# [Task item]
Please repeat the whole listing exactly, but leave out any picture it holds.

# [Input data]
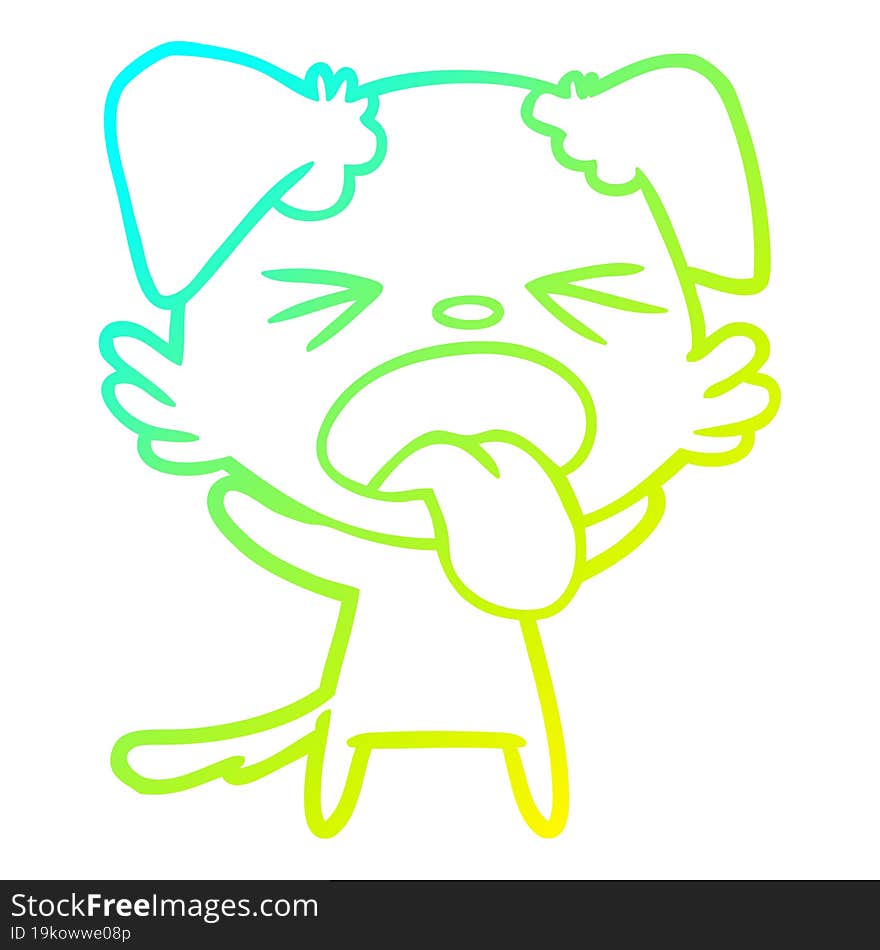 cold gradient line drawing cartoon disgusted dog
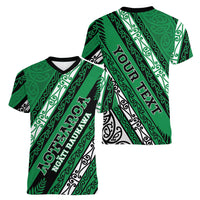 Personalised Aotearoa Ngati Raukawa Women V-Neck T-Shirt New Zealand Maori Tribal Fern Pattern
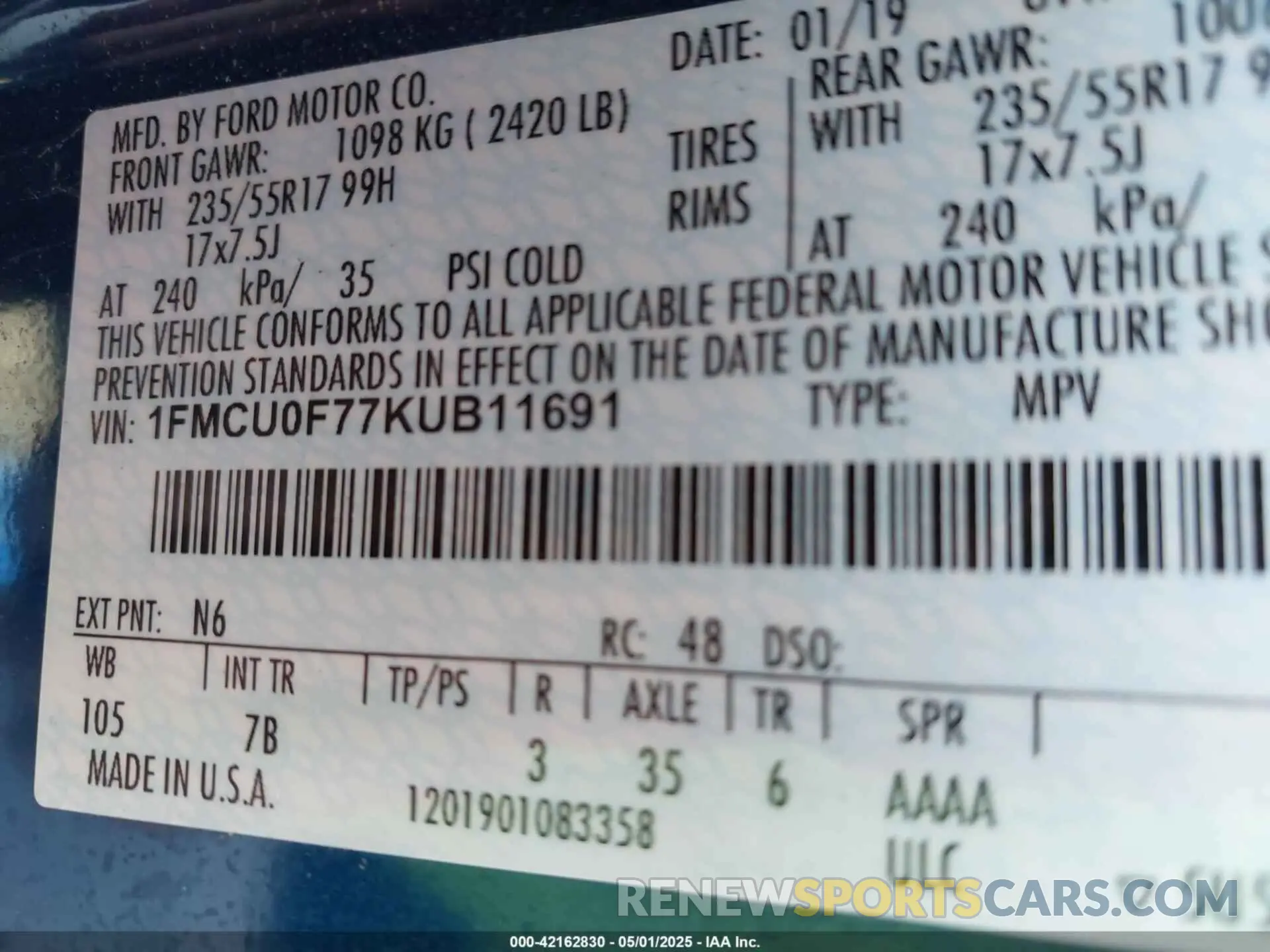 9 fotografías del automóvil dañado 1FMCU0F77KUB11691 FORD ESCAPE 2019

# [Exercise solution]
 cold gradient line drawing cartoon disgusted dog
 Personalised Aotearoa Ngati Raukawa Women V-Neck T-Shirt New Zealand Maori Tribal Fern Pattern
 9 fotografías del automóvil dañado 1FMCU0F77KUB11691 FORD ESCAPE 2019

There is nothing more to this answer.